Have you noticed lately that several different cellular phone companies are running ads claiming to be America’s leading network? Have you wondered how they can all claim to be number one? One company claims to have the fewest dropped calls of any network. This sounds impressive until you begin to wonder how many calls actually connect in the first place. Companies can’t drop calls if they don’t complete them in the first place.
To understand and evaluate the wealth of information that advertising and press releases provide us, it is important to be an informed consumer. Knowing what questions to ask when reading claims in the media is crucial to becoming an active processor, rather than a passive absorber, of this information. To know what questions to ask, a basic understanding of statistics and research methodology is necessary. We attempt to provide some of that understanding in the BASIS every week. Although the research we review is important, the ability to understand and evaluate the research you come across in other settings is just as important.
I recently read a press release touting a technology able to identify players at risk for gambling problems “with a precision of more than 90%.” A very impressive claim at first glance. But let’s investigate this claim more thoroughly. What does 90% precision mean in this case? The study behind this claim is not publicly available – no surprise – so we have to speculate. Given what we know about gambling disorders and problems, it is interesting to explore what data could lead to such a claim.

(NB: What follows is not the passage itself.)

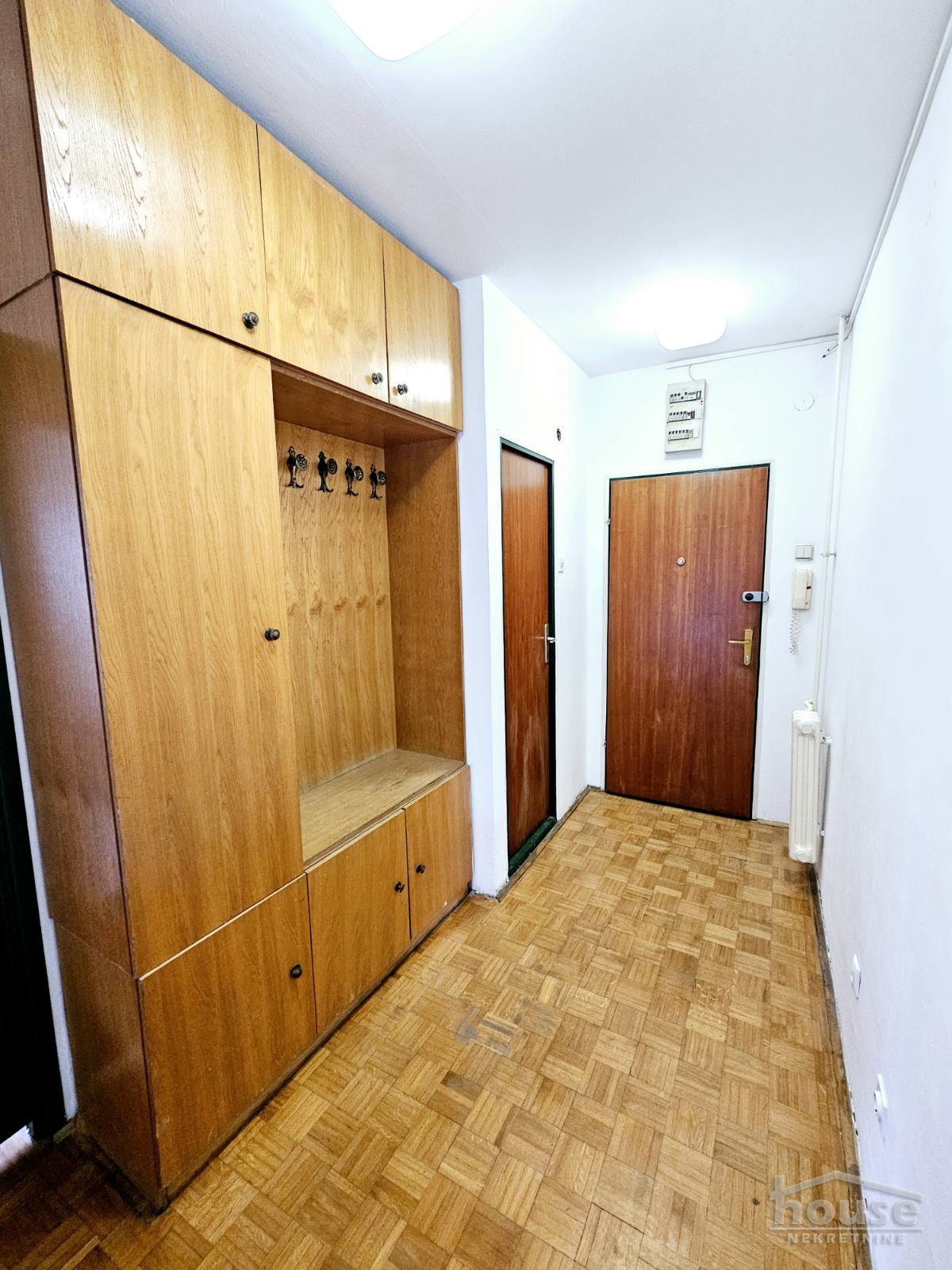 stanovi-3-re-nova-detelinara-1101552-qeoka Četvorosoban stan na prodaju, Nova Detelinara, Novi Sad, 95m², 261.250 €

Here is one way to achieve 90% precision:
In this example, there are 7 actual gamblers with problems, and 93 actual recreational gamblers without problems, represented by the columns. The rows represent how the given model (e.g., technology, diagnostic test, etc.) classifies those people. In this case, the predictive model correctly classifies 90% of the sample (i.e., the 87 who are both predicted and are actual recreational gamblers and the 3 who are both predicted and are actual gamblers with problems). This represents the 90% precision claim. However, disordered gambling is a “low” base rate event: less than 2% of the population typically qualifies as pathological gamblers and approximately 3-5% more as problem gamblers. As a result, most people classified by any model will fall into the recreational category, both in terms of their actual and predicted symptoms.
In the example, 93 do not have gambling problems, and the model correctly classifies 94% of those 93. (1) This relationship accounts for the bulk of the model’s classification accuracy. If instead, we consider the model’s capacity to accurately classify actual gamblers with problems, a different picture emerges. There are 7 actual gamblers with problems in the example. The model correctly classifies 3 of them: 43%. (2) Of the 9 people that the model classifies as gamblers with problems, only 33% are actual gamblers with problems. (3)

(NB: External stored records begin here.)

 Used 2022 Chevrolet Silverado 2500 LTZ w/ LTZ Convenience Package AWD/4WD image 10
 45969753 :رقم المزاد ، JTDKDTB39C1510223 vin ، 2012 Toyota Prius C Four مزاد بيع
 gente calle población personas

There are two key points here: First, statistics can sound impressive, but without the appropriate context, statistics easily can be misinterpreted. Second, specific to a disorder or problem with a low occurrence in the general population, it is relatively easy to achieve very good overall classification accuracy. To truly evaluate a model’s ability to classify, as in this case, it is important to know how well it classifies actual cases (e.g., gamblers with problems), not just non-cases.

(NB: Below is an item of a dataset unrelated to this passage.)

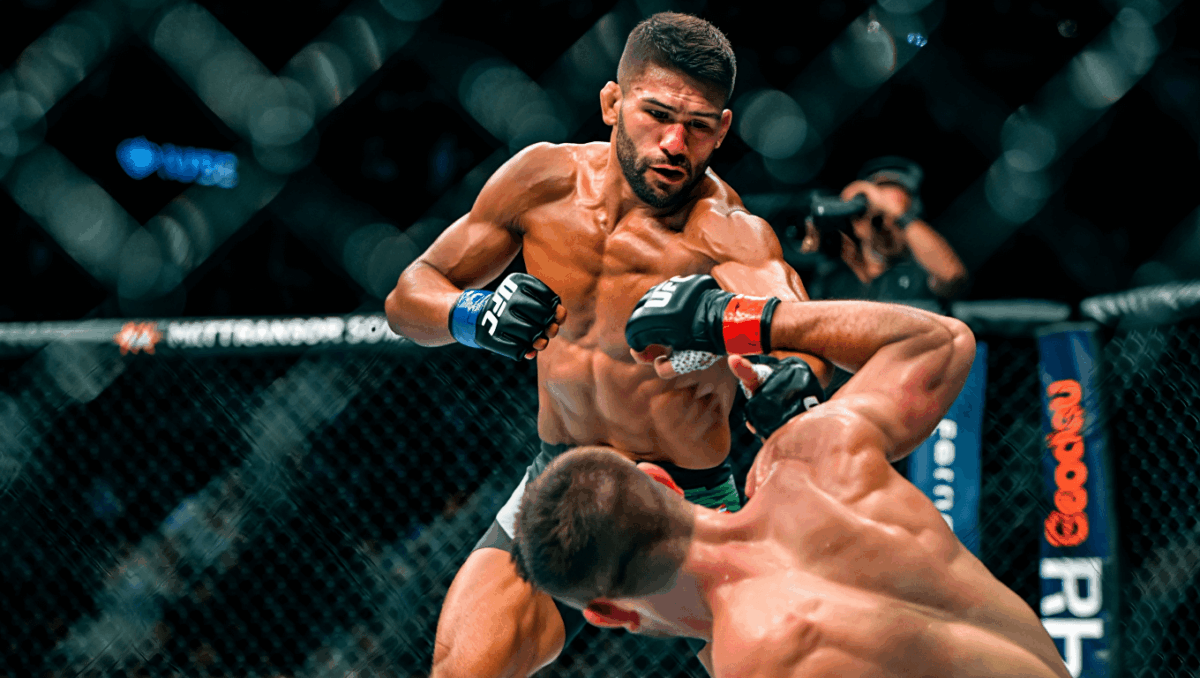Manuel Torres stuns Grant Dawson last night in jaw-dropping first-round TKO at UFC 323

Protecting the public health is best served by developing screening procedures that have a high sensitivity (i.e., ability to identify those people who have problems). Assuming that the procedures themselves don’t have any extraordinary risks, it is generally optimal to include false positives (i.e., people identified as having problems who do not actually have problems) rather than to miss identifying the cases with problems. Informed consumers should demand to know all the parameters of a model’s accuracy, and in the case of infrequently occurring problems, particularly the sensitivity.
What do you think? Comments should be addressed to Sarah Nelson.
1 This (i.e., correctly classifying 94% of those without problems) is the specificity of the predictive model.
2 This (i.e., correctly classifying 43% of those with problems) is the sensitivity of the predictive model.
3 This (i.e., 3 of the 9 classified as having problem actually having problems) is the positive predictive value of the predictive model.